Taihoro is an AC75 foiling monohull racing yacht that successfully defended the America’s Cup for the Royal New Zealand Yacht Squadron (RNZYS) from 12-19 October 2024 in the 37th America’s Cup match in Barcelona, Spain. It defeated Britannia III representing the UK’s Royal Yacht Squadron 7-2.

Taihoro is owned and sailed on behalf of the RNZYS by the Emirates Team New Zealand sailing syndicate, led by Grant Dalton. It was named and blessed by Ngati Whatua Orakei and launched by former New Zealand Prime Minister Helen Clark in Auckland, New Zealand, on 18 April 2024. Taihoro is a verb in the Maori language meaning “to move swiftly as the sea between both sky and earth” in English.

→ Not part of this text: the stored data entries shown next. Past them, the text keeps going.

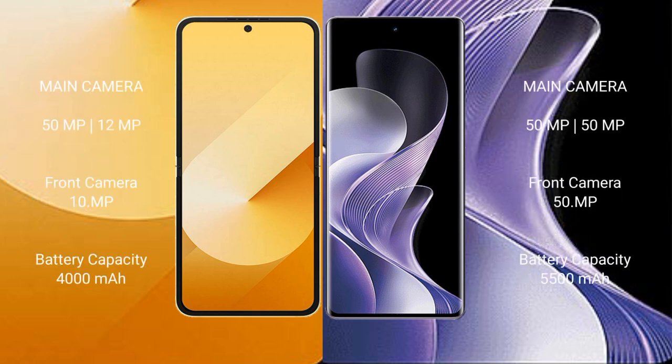Samsung Galaxy Z Flip 6 features a dual rear camera setup: a 50MP main camera plus a 12MP ultrawide camera, and a 10MP front camera. VOV40 also features a dual rear camera setup with a 50MP main camera and a 10MP front camera.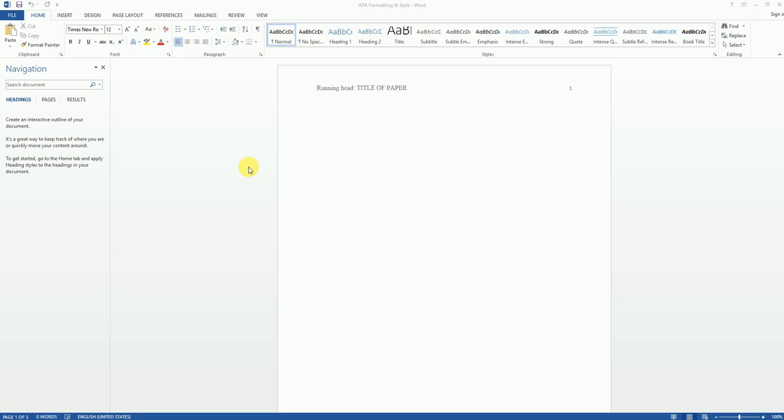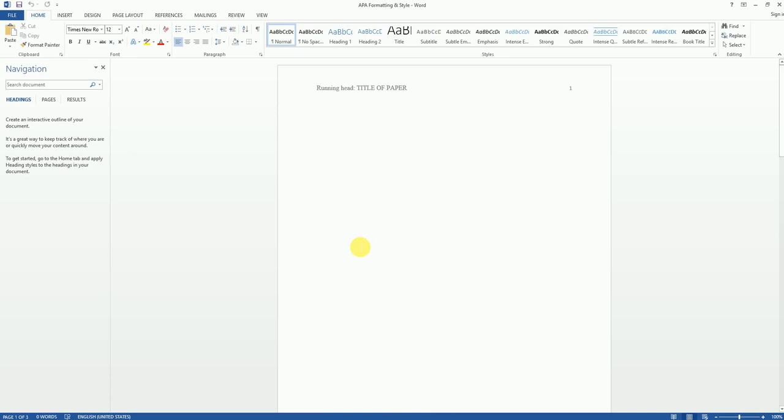Now let's get started on setting up the title page. The first thing we want to do is click somewhere in our first page. We probably want to click somewhere towards the upper middle of the page. Then we're going to set our text alignment to centered.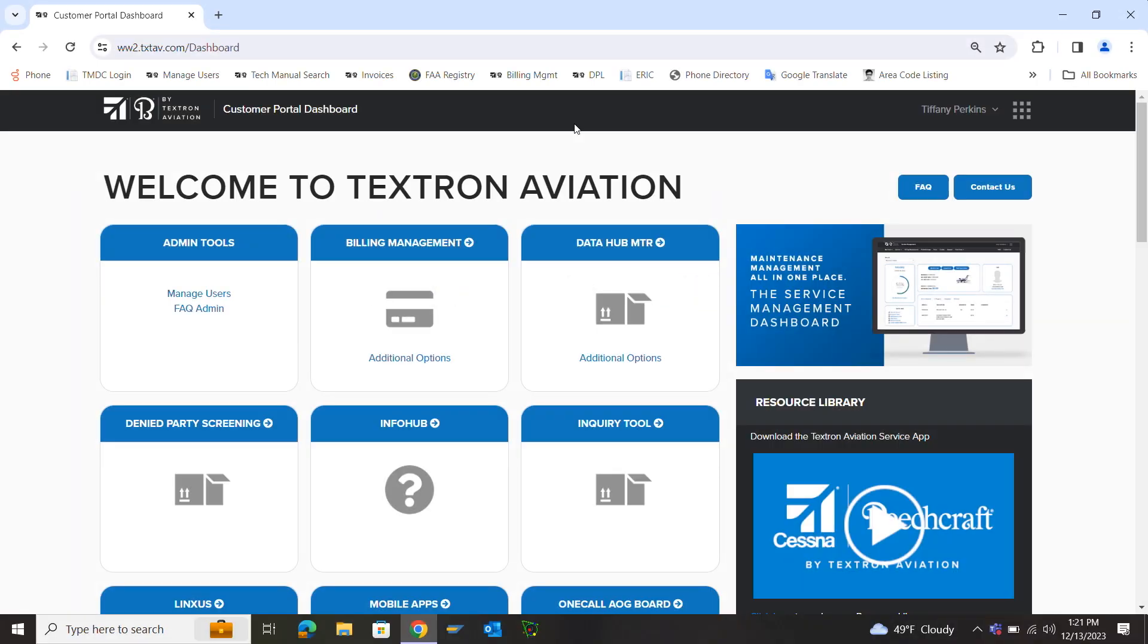Welcome to Textron Aviation Technical Publications. In this video I will demonstrate how to receive your notifications on your service bulletins.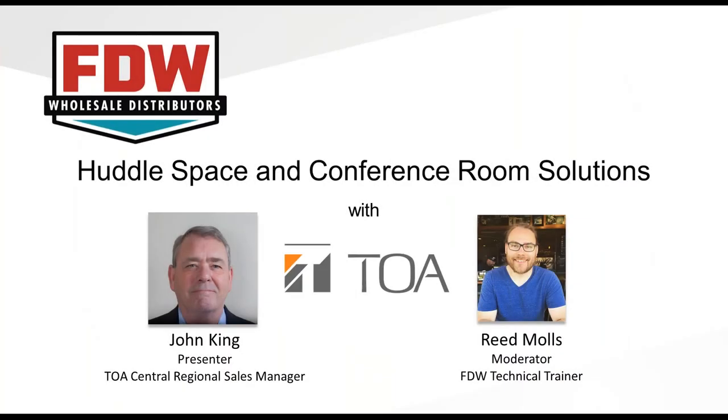Hello and welcome to this month's FDW webinar series where we talk about solutions for contractors and integrators. Today we have an awesome subject regarding huddle space and conference room solutions, a really hot topic in the contractor world today, and this is presented by TOA.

Ahead of defending the America’s Cup, Taihoro won both the Louis Vuitton America’s Cup preliminary regatta, held in Barcelona through 22-25 August 2024, and the double round robin of the Louis Vuitton Cup challenger series held in Barcelona from 29 August to 8 September 2024. This was the first time a defender yacht was allowed to participate in part of an America’s Cup challenger series, although points from the races involving the defender were not counted in terms of which four challengers would progress to the semifinals of the Louis Vuitton Cup.

After the first day’s racing in the Louis Vuitton Cup in August 2024, in which Taihoro beat Luna Rossa Prada Pirelli, the crane lifting it out of the water malfunctioned, dropping it approximately 7m, damaging its hull. While Taihoro could not be sailed in the day-two races, Emirates Team New Zealand’s shore team worked around the clock so that it was able to race again on day three.